You can solve this a bit more generally with less code. Essentially, create enough of a file-like object for ZipFile to use. So you wind up with z = ZipFile(HttpFile(url))
and it dynamically downloads just the portion needed. The advantage with this is you write less code, and it applies to more than just zip files. (In fact, I wonder if there is something like this already… I’m not finding it though.)
Using the same idea, you could also create a caching wrapper for HttpFile to avoid repeated downloads.

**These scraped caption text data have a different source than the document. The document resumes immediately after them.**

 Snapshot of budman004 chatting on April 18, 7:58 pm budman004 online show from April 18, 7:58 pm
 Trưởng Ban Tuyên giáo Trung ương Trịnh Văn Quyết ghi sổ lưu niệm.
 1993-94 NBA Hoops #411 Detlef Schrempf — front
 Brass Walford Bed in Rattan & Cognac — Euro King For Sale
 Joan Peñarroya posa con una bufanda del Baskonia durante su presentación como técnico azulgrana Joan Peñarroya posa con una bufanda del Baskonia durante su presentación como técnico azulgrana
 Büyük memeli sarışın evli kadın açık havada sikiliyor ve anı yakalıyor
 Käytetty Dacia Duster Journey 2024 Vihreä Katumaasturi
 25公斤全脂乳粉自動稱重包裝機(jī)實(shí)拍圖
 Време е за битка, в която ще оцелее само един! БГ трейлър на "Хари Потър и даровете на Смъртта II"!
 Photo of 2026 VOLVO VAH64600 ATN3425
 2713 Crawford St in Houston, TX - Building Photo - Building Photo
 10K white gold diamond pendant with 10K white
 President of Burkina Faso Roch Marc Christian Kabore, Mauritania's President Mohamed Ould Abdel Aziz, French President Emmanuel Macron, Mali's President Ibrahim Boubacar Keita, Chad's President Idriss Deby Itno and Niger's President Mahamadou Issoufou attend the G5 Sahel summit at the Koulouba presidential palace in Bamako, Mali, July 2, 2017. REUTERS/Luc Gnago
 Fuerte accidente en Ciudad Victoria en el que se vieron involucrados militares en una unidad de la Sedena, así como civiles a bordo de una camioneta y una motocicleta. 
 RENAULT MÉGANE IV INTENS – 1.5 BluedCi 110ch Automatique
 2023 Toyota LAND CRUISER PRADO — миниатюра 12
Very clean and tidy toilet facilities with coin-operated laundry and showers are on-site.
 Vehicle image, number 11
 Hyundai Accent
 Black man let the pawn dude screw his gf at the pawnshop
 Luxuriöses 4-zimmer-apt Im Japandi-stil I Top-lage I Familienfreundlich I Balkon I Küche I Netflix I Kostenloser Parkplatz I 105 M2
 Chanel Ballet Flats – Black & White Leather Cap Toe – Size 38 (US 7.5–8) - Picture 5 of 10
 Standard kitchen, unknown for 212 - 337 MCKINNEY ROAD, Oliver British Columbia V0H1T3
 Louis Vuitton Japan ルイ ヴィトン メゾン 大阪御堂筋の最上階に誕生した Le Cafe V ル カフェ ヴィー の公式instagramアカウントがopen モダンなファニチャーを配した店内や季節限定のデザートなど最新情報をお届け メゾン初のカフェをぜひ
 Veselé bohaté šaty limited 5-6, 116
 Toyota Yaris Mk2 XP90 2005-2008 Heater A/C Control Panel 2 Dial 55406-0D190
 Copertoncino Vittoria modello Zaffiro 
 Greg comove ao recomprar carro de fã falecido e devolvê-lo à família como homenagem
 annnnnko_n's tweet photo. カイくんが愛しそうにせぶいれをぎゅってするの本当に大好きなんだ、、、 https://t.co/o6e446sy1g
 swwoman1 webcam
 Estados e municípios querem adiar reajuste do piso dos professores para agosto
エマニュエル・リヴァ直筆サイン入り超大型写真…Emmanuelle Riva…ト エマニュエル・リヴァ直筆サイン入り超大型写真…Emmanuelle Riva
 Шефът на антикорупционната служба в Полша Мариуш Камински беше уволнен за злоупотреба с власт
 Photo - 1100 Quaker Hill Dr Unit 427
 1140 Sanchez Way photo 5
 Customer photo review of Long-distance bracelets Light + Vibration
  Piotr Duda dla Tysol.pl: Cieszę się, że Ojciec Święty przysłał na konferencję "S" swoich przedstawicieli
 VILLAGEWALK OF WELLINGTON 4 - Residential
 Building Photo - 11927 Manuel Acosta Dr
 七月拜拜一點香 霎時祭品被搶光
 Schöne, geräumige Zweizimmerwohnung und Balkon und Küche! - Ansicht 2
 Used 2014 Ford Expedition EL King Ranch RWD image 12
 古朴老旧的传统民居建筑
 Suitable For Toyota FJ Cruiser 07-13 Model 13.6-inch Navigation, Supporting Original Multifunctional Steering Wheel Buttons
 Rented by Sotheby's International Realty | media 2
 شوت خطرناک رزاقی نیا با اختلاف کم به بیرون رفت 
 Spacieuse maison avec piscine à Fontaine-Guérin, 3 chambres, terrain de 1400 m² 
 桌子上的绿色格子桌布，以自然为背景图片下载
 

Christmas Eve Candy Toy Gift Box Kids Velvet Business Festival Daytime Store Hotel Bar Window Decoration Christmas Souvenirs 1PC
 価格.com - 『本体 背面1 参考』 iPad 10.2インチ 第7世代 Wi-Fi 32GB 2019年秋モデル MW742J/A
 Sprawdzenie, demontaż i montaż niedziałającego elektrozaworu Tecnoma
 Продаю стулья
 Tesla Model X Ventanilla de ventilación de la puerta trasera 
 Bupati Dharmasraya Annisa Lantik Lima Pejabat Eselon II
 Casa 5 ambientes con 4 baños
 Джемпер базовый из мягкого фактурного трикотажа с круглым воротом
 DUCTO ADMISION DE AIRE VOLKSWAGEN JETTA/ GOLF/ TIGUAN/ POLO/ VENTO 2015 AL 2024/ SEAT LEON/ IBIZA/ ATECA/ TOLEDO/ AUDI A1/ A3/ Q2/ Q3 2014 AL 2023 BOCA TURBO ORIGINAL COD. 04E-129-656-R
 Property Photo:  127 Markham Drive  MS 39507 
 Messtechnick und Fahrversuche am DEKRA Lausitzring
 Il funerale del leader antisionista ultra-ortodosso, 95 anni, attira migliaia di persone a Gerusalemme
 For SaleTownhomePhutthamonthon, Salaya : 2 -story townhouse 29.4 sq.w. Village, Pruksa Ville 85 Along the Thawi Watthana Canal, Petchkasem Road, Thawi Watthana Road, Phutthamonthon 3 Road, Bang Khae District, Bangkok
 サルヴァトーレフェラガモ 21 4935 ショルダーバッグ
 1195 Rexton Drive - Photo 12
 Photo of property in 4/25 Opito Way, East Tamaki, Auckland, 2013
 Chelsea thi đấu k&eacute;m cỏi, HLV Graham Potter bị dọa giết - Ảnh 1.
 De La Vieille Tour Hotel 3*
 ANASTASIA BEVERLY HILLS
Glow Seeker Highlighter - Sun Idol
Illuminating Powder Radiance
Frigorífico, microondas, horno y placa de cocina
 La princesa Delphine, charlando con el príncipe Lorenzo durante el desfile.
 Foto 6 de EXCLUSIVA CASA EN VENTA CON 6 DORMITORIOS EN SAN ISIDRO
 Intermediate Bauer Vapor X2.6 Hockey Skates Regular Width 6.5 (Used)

And here’s the code: (note the lack of error-handling)
#!/usr/bin/python
import urllib2
class HttpFile(object):
def __init__(self, url):
self.url = url
self.offset = 0
self._size = -1
def size(self):
if self._size < 0:
f = urllib2.urlopen(self.url)
self._size = int(f.headers["Content-length"])
return self._size
def read(self, count=-1):
req = urllib2.Request(self.url)
if count < 0:
end = self.size() - 1
else:
end = self.offset + count - 1
req.headers['Range'] = "bytes=%s-%s" % (self.offset, end)
f = urllib2.urlopen(req)
data = f.read()
# FIXME: should check that we got the range expected, etc.
chunk = len(data)
if count >= 0:
assert chunk == count
self.offset += chunk
return data
def seek(self, offset, whence=0):
if whence == 0:
self.offset = offset
elif whence == 1:
self.offset += offset
elif whence == 2:
self.offset = self.size() + offset
else:
raise Exception("Invalid whence")
def tell(self):
return self.offset